Looking down from the highest echelons of the San Mamés, a speck of player made his way onto the field. ‘Iker Muniain’ the stadium announcer declared.
16 years young.
His first contribution was like something emerging from a TV commercial. Picking up the ball just inside the opposition half he evaded two challenges, before laying the ball off to another team mate. It was in this move how we’d all recognise him for the next three years, and the sort of player you want to see for another thirty three.
Since making his debut against the aptly named Young Boys, Muniain’s development has been nothing but engrossing. The belief, desire, strength, skill and most of off all, bravery, have been prevalent over these last few years. From impact player to regular, all under the watchful eye of Joaquín Caparrós. Now, under Marcelo Bielsa, he’s not just a regular, but a key player. His star has ascended to such a degree he’s one of the leaders of this South American fusion in Bilbao.

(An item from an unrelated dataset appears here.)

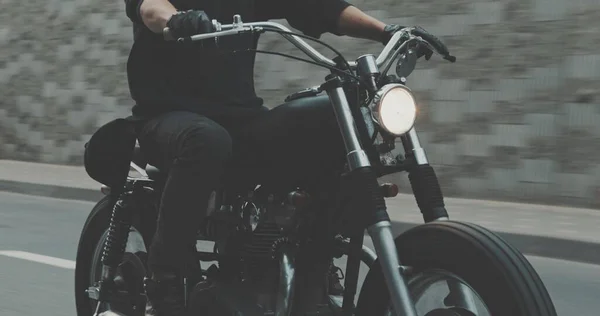 Motociclista en moto en la ciudad — Foto de Stock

The arrival of the Argentinean coach might be the most significant event in Muniain’s career, for now another a dimension is added to his game – one that will last him a lifetime. Caparrós (successfully) deployed Muniain from first an advanced left position, before dropping him deeper to start attacking phases of the game. Why keep him out of the game when he offered so much? He would pick up the ball on the halfway line, drop the shoulder, and contort his body, deceiving those who tried to take him out. Sometimes he would hold onto the ball too long, and get dispossessed or make the wrong decision. He’d get kicked too, but that chin was never tucked into his chest. Head up, try again.
One week Alberto Botía lunged into him, he got up. Another week Patxi Puñal clattered into him, he got up. The next week Pedro Munitis tripped him after receiving a cheeky caño, and guess what, he got up again.

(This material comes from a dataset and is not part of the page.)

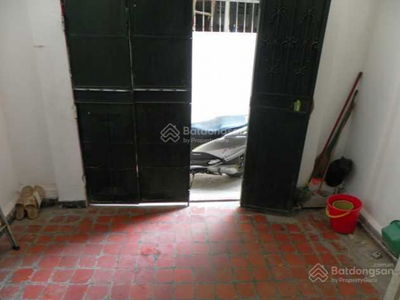 Tu Hoa Street, Vietnam  Tu Hoa Street, Vietnam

Muniain subsequently drifted in and out the team as he went upon a steep learning curve. Sometimes he’d play four straight but look forlorn on occasions. He’d then miss another four and come back as an impact player. In Caparrós’ final season at the club, Muniain came to the fore. Something changed, mentally and physically, quite considerably too. The desire to roam from the flank became apparent, and he was turning up all over the field – even offering support for the full back. In attacking phases though, he was becoming wiser. The decision making improved and the awareness of his team mates became second nature. He began to free himself from the touchline, showing vibrant moving off the ball as well as on it, this would be essential once Bielsa arrived. First, there was the Under-21 tournament, in which Spain triumphed, and alongside the likes of Juan Mata, Thiago and Javi Martínez, he complimented the Spanish style superbly.
This brings us to the present day, the new era at Athletic. Caparrós has gone, although Muniain will be forever thankful for the guidance shown. If the player does move on to a more prestigious European club, be it Manchester, Madrid or anywhere else, the lessons learned on the rainy Monday mornings at Lezama will never fade from memory. Bielsa’s start to life in Bilbao was difficult, and met with concern in some quarters, there still remains caution too. A win was difficult to encounter in the early days, but amongst the doubts, one player shone brightest. Muniain was deployed in a central role, given license to roam between the lines like never before. The idea perhaps stemming from Bielsa’s desire to push the full backs on harder through the overlap. In the middle, Muniain could see the game better and essentially, began to read passages of play – be it exchanging intricate passes with team mates or making a darting run on the angle. You could see the eyes scan the field, left, right, central…
Still only 18, Muniain began to look far beyond his tender years. At times, it was if Andrés Iniesta had donned the red and white stripes, exchanging Catalan blood for Basque, such was the grace of the teenager’s movement. The brash, had well and truly been mixed with the beauty. He has become Bielsa’s foot solider on the field: the aggression, the intensity and the will to win a all costs.
Fear, that’s just a four letter word, nothing more.
Whether ‘El Loco’ can bring Champions League, or silverware, to the adoring masses in La Catedral, is debatable. However, they can be sure a piece of gold moves amongst them.
19 years young, today. Feliz cumpleaños, crack.